Automatic number plate recognition is a mass surveillance method that uses optical character recognition on images to read the licence plates on vehicles. As of 2006, systems can scan number plates at around one per second on cars travelling up to 100 mph (160 km/h). They can use existing closed-circuit television or road-rule enforcement cameras, or ones specifically designed for the task. They are used by various police forces and as a method of electronic toll collection on pay-per-use roads, and monitoring traffic activity such as red light adherence in an intersection.
ANPR can be used to store the images captured by the cameras as well as the text from the licence plate, with some configurable to store a photograph of the driver. Systems commonly use infrared lighting to allow the camera to take the picture at any time of day. A powerful flash is included in at least one version of the intersection-monitoring cameras, serving to both illuminate the picture and make the offender aware of his or her mistake. ANPR technology tends to be region specific, owing to plate variation from place to place
The ANPR was invented in 1976 at the Police Scientific Development Branch in the UK. Prototype systems were working by 1979 and contracts were let to produce industrial systems, first at EMI Electronics then at Computer Recognition Systems (CRS) in Wokingham, UK. Early trial systems were deployed on the A1 road and at the Dartford Tunnel. The first arrest due to a detected stolen car was made in 1981.
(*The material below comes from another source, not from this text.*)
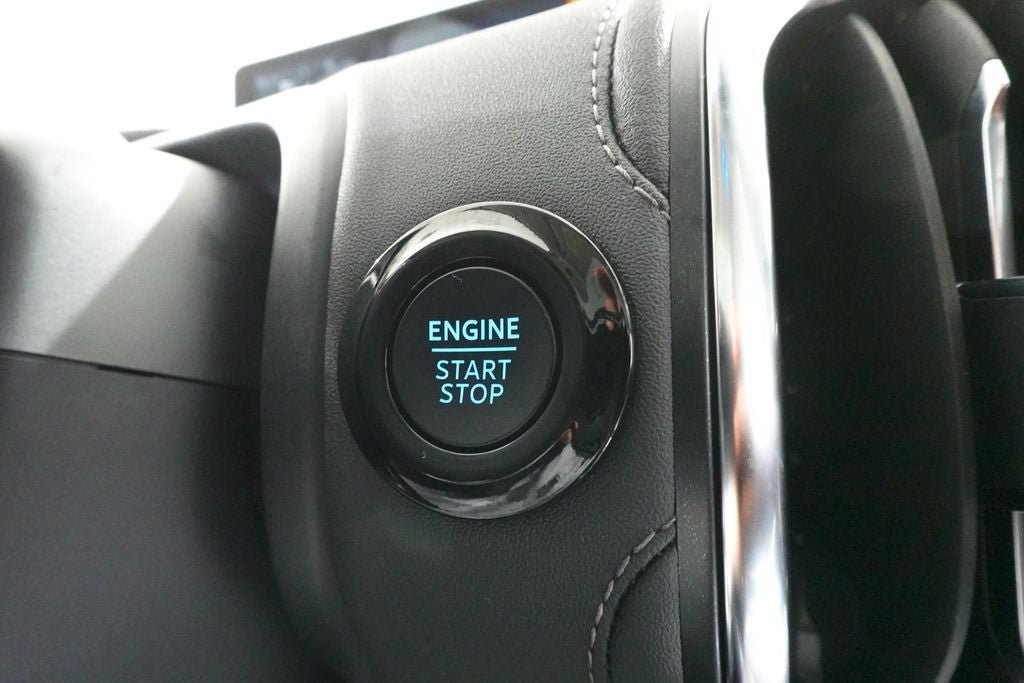 Certified 2025 Ford Expedition Platinum AWD/4WD image 22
Massive integration of information technologies into all aspects of modern life caused demand for processing vehicles as conceptual resources in information systems. Because a standalone information system without any data has no sense, there was also a need to transform information about vehicles between the reality and information systems. This can be achieved by a human agent, or by special intelligent equipment which is be able to recognize vehicles by their number plates in a real environment and reflect it into conceptual resources. Because of this, various recognition techniques have been developed and number plate recognition systems are today used in various traffic and security applications, such as parking, access and border control, or tracking of stolen cars.